I’ll admit something upfront. I’ve never been interested in Iron Kingdoms or Warmachine. Both feel like a steampunk version of Warhammer and I already have enough RPGs and miniature combat games to pick up what feels like a derivative of something else. I’ve got a stack of Bones, Tomb Kings, Robotech RPG Tactics and my old D&D Tactics figures from when that game existed. However, I really do like Richard Lee Byers’ stories. I’m more a non-fiction reader, but I enjoy enough of his writing to know I’ll pick up something of his (especially a review copy) if I run into it. Besides, the last time I picked up a book by him from a RPG universe I wasn’t originally interested in (The Festival at Glenelg), I ended up reviewing three adventures from that game. So who knew? Maybe Murder in Corvis would make me curious enough to try out some of Privateer Press’ games. There was only one way to find out.

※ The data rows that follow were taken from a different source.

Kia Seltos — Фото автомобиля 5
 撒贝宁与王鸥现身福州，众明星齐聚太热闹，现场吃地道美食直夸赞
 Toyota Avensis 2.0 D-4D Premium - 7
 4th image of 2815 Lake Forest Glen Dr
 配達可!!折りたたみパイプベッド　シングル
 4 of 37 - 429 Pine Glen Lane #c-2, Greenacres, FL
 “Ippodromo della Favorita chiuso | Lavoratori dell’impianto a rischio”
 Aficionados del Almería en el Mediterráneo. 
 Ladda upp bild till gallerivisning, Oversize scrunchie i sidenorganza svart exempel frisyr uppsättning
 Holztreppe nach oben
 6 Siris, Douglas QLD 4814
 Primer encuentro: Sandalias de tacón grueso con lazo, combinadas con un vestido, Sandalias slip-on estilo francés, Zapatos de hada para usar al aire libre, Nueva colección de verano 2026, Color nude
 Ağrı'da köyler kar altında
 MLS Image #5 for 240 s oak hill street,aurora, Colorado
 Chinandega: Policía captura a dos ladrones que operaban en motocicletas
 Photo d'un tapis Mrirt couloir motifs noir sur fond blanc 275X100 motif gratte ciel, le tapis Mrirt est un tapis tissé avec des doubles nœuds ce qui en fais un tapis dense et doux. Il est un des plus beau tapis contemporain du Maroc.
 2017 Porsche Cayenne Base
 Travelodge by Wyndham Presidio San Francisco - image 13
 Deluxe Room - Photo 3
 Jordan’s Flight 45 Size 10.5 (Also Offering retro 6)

I wasn’t sure what to expect with Murder in Corvis. Would it read like a gritty pulp thriller? Would it be more like one of those cozy mystery series my wife enjoys? Would it simply be a fantasy novella with a murder as the crux of the story? Would it be something else? The only way was to dip into the story and find out. Unfortunately, you don’t get to find out right away. Before Byers’ novel starts you get a very dull and dry four page introduction to the Iron Kingdoms world. Personally, I would have let the author incorporate this information into the story rather than have a preamble that reads like it was written by Ben Stein, but that’s just me. Most of what is in the introduction has no bearing on the story at all and will serve to bore or confuse newcomers to the Iron Kingdoms. As well, there is a six page glossary in the back, which defines specific creatures, jargon and game terminology that the reader will encounter within the novella. I feel Byers describes all of these terms pretty well in the story itself, so a glossary of this size and the verbose descriptions provided for each one comes off with the publisher either not trusting its audience or simply being VERY condescending to them. Both the preamble and the glossary rubbed me the wrong way and definitely gave me a bad first impression of Iron Kingdoms in general. Honestly, if you had to include both of these, I’d have put a much shorter glossary in the front so that readers know it is there (most people I know don’t flip to the back of a book except for people who like endings ruined and even less read the Table of Contents in a fiction book) and I would have put the “introduction” at the end to act as a, “If you liked this story, here’s more about our world (and product line) that you can purchase,” so as not to intimidate younger/casual readers or worse, make a person think that Murder in Corvis will be as poorly written as that four page look at the world of Iron Kingdoms. I can honestly say after reading Murder in Corvis, I’d probably pick up more stories by Byers in this setting…but I’m not at all inclined to touch the game line(s).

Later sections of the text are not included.